14 févr. 2025
🟦 L’IA ne menace pas vos équipes. Mais votre silence, oui.
Pourquoi former est devenu un acte de gouvernance stratégique.
Par Patrice Giardino – Consultant en stratégie, Revenue Operations & transformation IA
En entreprise, l’Intelligence Artificielle est désormais partout : dans les outils CRM, les fonctions de support, les logiciels d’analyse, les moteurs de recommandation.
Mais un phénomène bien plus silencieux se répand avec elle :
la peur.
Peur de devenir inutile.
Peur de ne pas comprendre.
Peur de ne pas suivre.
Cette peur, la technologie ne l’entretient pas.
C’est l’absence de discours autour d’elle qui l’alimente.

Le non-dit organisationnel
Dans beaucoup d’organisations, l’IA est évoquée comme un “sujet d’avenir”, un “investissement prioritaire”, une “opportunité stratégique”.
Mais sur le terrain, les équipes sont rarement formées.
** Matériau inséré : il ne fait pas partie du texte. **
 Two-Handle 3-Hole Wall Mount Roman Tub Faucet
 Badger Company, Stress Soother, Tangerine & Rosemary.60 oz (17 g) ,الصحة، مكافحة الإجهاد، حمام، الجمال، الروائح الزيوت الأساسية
Parfois même, elles ne sont pas informées.
Conséquence : l’IA devient un objet de spéculation anxieuse, un horizon flou qui excite ou inquiète… mais ne se traduit par rien de concret.
L’acculturation n’est pas un luxe. C’est une nécessité de gouvernance.
Parce qu’un outil non compris devient rapidement un facteur de tension, pas de productivité.
Le vrai risque : un écart croissant entre décideurs et opérationnels
Lorsque seuls les COMEX, les DAF ou les directions innovation maîtrisent les enjeux IA, un fossé se creuse :
D’un côté, des choix techniques ou stratégiques pris en haut lieu
De l’autre, des équipes qui subissent des outils qu’elles ne maîtrisent pas
C’est la reproduction parfaite d’un modèle descendant, où l’on implémente sans co-construire, où l’on outille sans expliquer.
Or, comme l’écrivait Ivan Illich, “l’outil n’est pas neutre : il façonne celui qui s’en sert autant qu’il produit ce qu’on attend de lui.”
Former, ce n’est pas évangéliser
Dans les missions que j’ai menées, les formations IA les plus efficaces sont celles qui ne commencent ni par l’outil, ni par la technologie.
Elles commencent par une question simple : “Que souhaitez-vous mieux comprendre ou mieux décider ?”
Parce que l’enjeu n’est pas de “savoir coder une IA”,
mais de comprendre ce que l’on peut lui demander, ce que l’on ne doit pas lui déléguer, et comment l’interroger intelligemment.
Former, c’est :
Rendre les collaborateurs capables d’exercer un jugement sur les résultats d’un modèle
Expliquer les biais, les limites, les implications concrètes
Partager des cas d’usage concrets dans leur propre environnement

L’IA comme langage : une alphabétisation à organiser
Il serait inconcevable aujourd’hui d’intégrer un collaborateur sans lui transmettre une culture digitale de base : mails, CRM, gestion de projet.
À très court terme, l’IA rejoindra cette base de compétences.
Comme le soulignait Bernard Stiegler, “l’ignorance organisée est une forme de dépossession.”
Ne pas former, c’est laisser les collaborateurs dans une position de dépendance.
Et cela revient, pour l’entreprise, à saboter son propre potentiel.
Former, c’est piloter
Ne rien dire, c’est laisser les fantasmes s’installer.
Ne pas former, c’est accepter que seuls quelques-uns puissent agir.
Ne pas structurer l’apprentissage, c’est renoncer à un pilotage collectif.
À l’inverse, former, c’est gouverner.
C’est affirmer que l’IA n’est pas une menace, mais un levier — à condition d’en maîtriser les règles, les usages, les limites.
Et surtout, c’est reconnaître que la transformation IA n’est pas un virage technologique,
mais une montée en compétence progressive, collective, exigeante.
Conclusion
Vous ne pouvez pas exiger de vos équipes qu’elles s’adaptent à des outils qu’elles ne comprennent pas.
Vous ne pouvez pas attendre de vos managers qu’ils pilotent des projets IA sans grille de lecture partagée.
Former, c’est le premier acte stratégique à l’ère de l’IA.
Pas pour être “à la page”.
Mais pour que chaque personne concernée ait le droit, la capacité et les moyens de participer à la transformation, et pas simplement de la subir.